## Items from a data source
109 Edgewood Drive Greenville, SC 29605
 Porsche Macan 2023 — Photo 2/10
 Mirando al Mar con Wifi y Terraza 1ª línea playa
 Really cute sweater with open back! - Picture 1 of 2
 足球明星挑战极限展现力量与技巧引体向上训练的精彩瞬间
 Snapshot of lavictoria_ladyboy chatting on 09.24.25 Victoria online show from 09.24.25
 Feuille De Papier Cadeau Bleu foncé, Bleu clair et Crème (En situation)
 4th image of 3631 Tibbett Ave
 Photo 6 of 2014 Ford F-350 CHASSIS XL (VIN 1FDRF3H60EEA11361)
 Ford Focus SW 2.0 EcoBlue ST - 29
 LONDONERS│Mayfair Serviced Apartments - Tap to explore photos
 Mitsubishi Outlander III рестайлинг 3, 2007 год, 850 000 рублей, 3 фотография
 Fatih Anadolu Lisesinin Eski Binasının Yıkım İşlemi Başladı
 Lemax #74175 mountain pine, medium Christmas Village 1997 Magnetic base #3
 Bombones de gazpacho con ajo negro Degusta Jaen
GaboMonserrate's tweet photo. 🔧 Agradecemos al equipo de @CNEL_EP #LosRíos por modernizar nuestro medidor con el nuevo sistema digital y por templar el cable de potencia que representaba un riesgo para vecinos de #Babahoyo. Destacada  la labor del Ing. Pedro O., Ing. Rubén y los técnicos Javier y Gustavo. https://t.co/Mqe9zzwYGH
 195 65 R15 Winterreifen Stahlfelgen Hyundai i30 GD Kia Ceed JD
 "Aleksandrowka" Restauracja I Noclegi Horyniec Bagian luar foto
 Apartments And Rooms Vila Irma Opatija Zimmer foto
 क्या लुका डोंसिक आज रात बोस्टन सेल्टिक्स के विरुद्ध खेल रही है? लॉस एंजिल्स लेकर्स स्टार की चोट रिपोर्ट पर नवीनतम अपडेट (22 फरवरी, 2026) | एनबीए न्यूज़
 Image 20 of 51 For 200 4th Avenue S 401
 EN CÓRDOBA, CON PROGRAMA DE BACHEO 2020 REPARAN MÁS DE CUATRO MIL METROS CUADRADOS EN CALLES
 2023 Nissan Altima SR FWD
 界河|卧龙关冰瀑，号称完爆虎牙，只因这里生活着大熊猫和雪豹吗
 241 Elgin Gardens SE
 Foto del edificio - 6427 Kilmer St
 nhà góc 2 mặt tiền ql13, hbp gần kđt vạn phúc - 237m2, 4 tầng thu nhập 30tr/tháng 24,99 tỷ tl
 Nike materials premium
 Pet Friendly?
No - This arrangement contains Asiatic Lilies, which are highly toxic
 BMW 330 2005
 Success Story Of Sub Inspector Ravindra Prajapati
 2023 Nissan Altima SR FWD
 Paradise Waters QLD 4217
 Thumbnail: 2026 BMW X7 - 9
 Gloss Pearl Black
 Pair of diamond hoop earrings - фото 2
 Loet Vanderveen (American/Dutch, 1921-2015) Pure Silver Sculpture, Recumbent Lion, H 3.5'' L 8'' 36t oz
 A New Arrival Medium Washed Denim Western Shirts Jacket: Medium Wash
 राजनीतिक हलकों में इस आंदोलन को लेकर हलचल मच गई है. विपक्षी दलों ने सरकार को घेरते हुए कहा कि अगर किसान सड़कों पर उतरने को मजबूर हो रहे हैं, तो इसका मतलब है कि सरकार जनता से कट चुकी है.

## WHAT THIS TASK INVOLVES
Reproduce every line above. Keep it exact.

## THE COMPLETED TASK
109 Edgewood Drive Greenville, SC 29605
 Porsche Macan 2023 — Photo 2/10
 Mirando al Mar con Wifi y Terraza 1ª línea playa
 Really cute sweater with open back! - Picture 1 of 2
 足球明星挑战极限展现力量与技巧引体向上训练的精彩瞬间
 Snapshot of lavictoria_ladyboy chatting on 09.24.25 Victoria online show from 09.24.25
 Feuille De Papier Cadeau Bleu foncé, Bleu clair et Crème (En situation)
 4th image of 3631 Tibbett Ave
 Photo 6 of 2014 Ford F-350 CHASSIS XL (VIN 1FDRF3H60EEA11361)
 Ford Focus SW 2.0 EcoBlue ST - 29
 LONDONERS│Mayfair Serviced Apartments - Tap to explore photos
 Mitsubishi Outlander III рестайлинг 3, 2007 год, 850 000 рублей, 3 фотография
 Fatih Anadolu Lisesinin Eski Binasının Yıkım İşlemi Başladı
 Lemax #74175 mountain pine, medium Christmas Village 1997 Magnetic base #3
 Bombones de gazpacho con ajo negro Degusta Jaen
GaboMonserrate's tweet photo. 🔧 Agradecemos al equipo de @CNEL_EP #LosRíos por modernizar nuestro medidor con el nuevo sistema digital y por templar el cable de potencia que representaba un riesgo para vecinos de #Babahoyo. Destacada  la labor del Ing. Pedro O., Ing. Rubén y los técnicos Javier y Gustavo. https://t.co/Mqe9zzwYGH
 195 65 R15 Winterreifen Stahlfelgen Hyundai i30 GD Kia Ceed JD
 "Aleksandrowka" Restauracja I Noclegi Horyniec Bagian luar foto
 Apartments And Rooms Vila Irma Opatija Zimmer foto
 क्या लुका डोंसिक आज रात बोस्टन सेल्टिक्स के विरुद्ध खेल रही है? लॉस एंजिल्स लेकर्स स्टार की चोट रिपोर्ट पर नवीनतम अपडेट (22 फरवरी, 2026) | एनबीए न्यूज़
 Image 20 of 51 For 200 4th Avenue S 401
 EN CÓRDOBA, CON PROGRAMA DE BACHEO 2020 REPARAN MÁS DE CUATRO MIL METROS CUADRADOS EN CALLES
 2023 Nissan Altima SR FWD
 界河|卧龙关冰瀑，号称完爆虎牙，只因这里生活着大熊猫和雪豹吗
 241 Elgin Gardens SE
 Foto del edificio - 6427 Kilmer St
 nhà góc 2 mặt tiền ql13, hbp gần kđt vạn phúc - 237m2, 4 tầng thu nhập 30tr/tháng 24,99 tỷ tl
 Nike materials premium
 Pet Friendly?
No - This arrangement contains Asiatic Lilies, which are highly toxic
 BMW 330 2005
 Success Story Of Sub Inspector Ravindra Prajapati
 2023 Nissan Altima SR FWD
 Paradise Waters QLD 4217
 Thumbnail: 2026 BMW X7 - 9
 Gloss Pearl Black
 Pair of diamond hoop earrings - фото 2
 Loet Vanderveen (American/Dutch, 1921-2015) Pure Silver Sculpture, Recumbent Lion, H 3.5'' L 8'' 36t oz
 A New Arrival Medium Washed Denim Western Shirts Jacket: Medium Wash
 राजनीतिक हलकों में इस आंदोलन को लेकर हलचल मच गई है. विपक्षी दलों ने सरकार को घेरते हुए कहा कि अगर किसान सड़कों पर उतरने को मजबूर हो रहे हैं, तो इसका मतलब है कि सरकार जनता से कट चुकी है.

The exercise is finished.